# Fuel release button in 2011 Touareg?



## jimsimpson (Feb 18, 2011)

Here's a silly question:

Where's the fuel release button in a 2011 Touareg? I picked one up over the weekend, and the manuals are still on their way. I went to fill up tonight and realized I don't know where it is. I assumed it would be on the driver's door, but all I see is the trunk release.

Anyone care to clue me in? I'll call the dealer in the morning...

Thank you!


----------



## larryV (Apr 5, 2001)

There is no dedicated fuel release button. The fuel door unlocks together with the door locks. Then press the fuel door in to unlatch.


----------



## BHB (Oct 26, 2004)

do sales people not explain cars anymore? :screwy:


----------



## DZD (Mar 25, 2007)

Here's more info:

http://owners.vw.com/vww/touareg/about_your_vw/security/one-push_fuel_door.html


----------



## jimsimpson (Feb 18, 2011)

Thanks, all! 

I'm now completely refueled. 

I thought it might actually be what was described here, but I didn't think to push on the door. I think the station owners got a laugh as they saw me climbing all over the place searching for it.

FWIW, I'm driving a 2011 TDI Lux Touareg. It's amazing.


----------



## VdubTX (Jul 5, 2003)

BHB said:


> do sales people not explain cars anymore? :screwy:


Serious FAIL on the dealer for not even showing the simplest of things on a new vehicle.


----------



## OZ.IN.USA (Jan 29, 2011)

VdubTX said:


> Serious FAIL on the dealer for not even showing the simplest of things on a new vehicle.


:thumbup:


----------



## Jonmedic (Apr 20, 2009)

VdubTX said:


> Serious FAIL on the dealer for not even showing the simplest of things on a new vehicle.

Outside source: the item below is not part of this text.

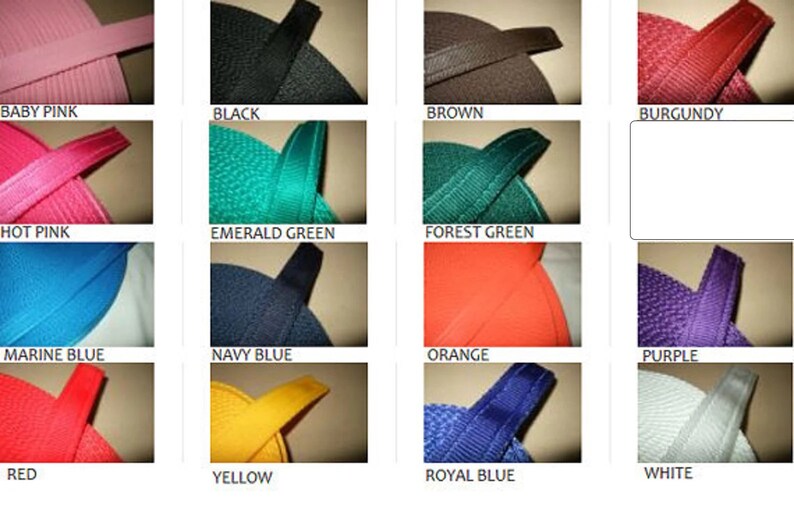Puede incluir: Una colecci&oacute;n de 15 correas de tejido de diferentes colores, cada una con un nombre de color diferente mostrado debajo.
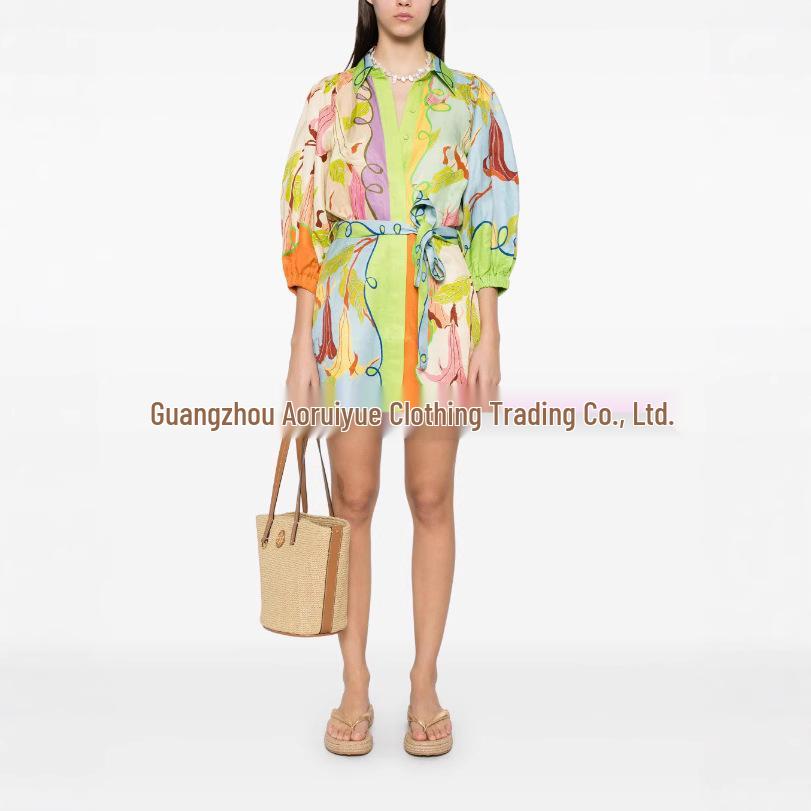 

Трендовое платье-кардиган с принтом в стиле арт на 2025 год - Европейская и американская мода XL лимонно-желтый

I took delivery on a 2011 Comfortline TDI a week ago. I spent more time explaining features on the vehicle to the sales guy than I did signing paperwork. He knew virtually nothing about the vehicle. He was completely stunned after I let him search under the hood for ten minutes for the oil dipstick and then I showed him that it was actually in the stereoscreen. As a rule I'm a salesman's worst nightmare. A customer who researches what he wants before going to the dealership. I would think VW would take the time to educate these people instead of just turning them loose on the sales floor.


----------



## chip-hazard (Apr 17, 2011)

*We just got our 2011 sports v6 Toureg*

One question:
I saw a 2011 Cayenne just yesterday and fell in love with the rear spoiler, does anybody know if that spoiler will fit the 2011 Toureg model?


----------



## Lofreco (May 9, 2011)

*salespeople in general*



Jonmedic said:


> I took delivery on a 2011 Comfortline TDI a week ago. I spent more time explaining features on the vehicle to the sales guy than I did signing paperwork. He knew virtually nothing about the vehicle. He was completely stunned after I let him search under the hood for ten minutes for the oil dipstick and then I showed him that it was actually in the stereoscreen. As a rule I'm a salesman's worst nightmare. A customer who researches what he wants before going to the dealership. I would think VW would take the time to educate these people instead of just turning them loose on the sales floor.


Yes, maybe if they did not just stand around the front of dealership smoking and gossiping, and actually took 20 minutes to read the manual or watch a video, they might LEARN something about the vehicles they are selling. Have ran into this at every major dealership, it is really disturbing. They know absolute NOTHING about the vehicles, can not answer any questions accurately.


----------



## 2VWatatime (Aug 4, 2006)

Jonmedic said:


> I would think VW would take the time to educate these people instead of just turning them loose on the sales floor.


You do know that they don't actually work _for_ VW...


----------



## Jonmedic (Apr 20, 2009)

2VWatatime said:


> You do know that they don't actually work _for_ VW...


Maybe not but if an independent dealer was representing my product to the public with my logos plastered all over their store I would make damn good and sure they knew what they were talking about before I set them loose on an un suspecting public. I do know that dealerships are privately owned, but to the general public, perception is reality. All they see is the VW logo and rarely see the owner if at all.


----------



## 2VWatatime (Aug 4, 2006)

Jonmedic said:


> *Maybe not but if an independent dealer was representing my product to the public with my logos plastered all over their store I would make damn good and sure they knew what they were talking about before I set them loose on an un suspecting public.* I do know that dealerships are privately owned, but to the general public, perception is reality. All they see is the VW logo and rarely see the owner if at all.


And in the US & Canada, that dealer can (and will) tell you to get stuffed. Automakers don't run dealerships in North America, and most folks (general public over 25 or so) understand that...


----------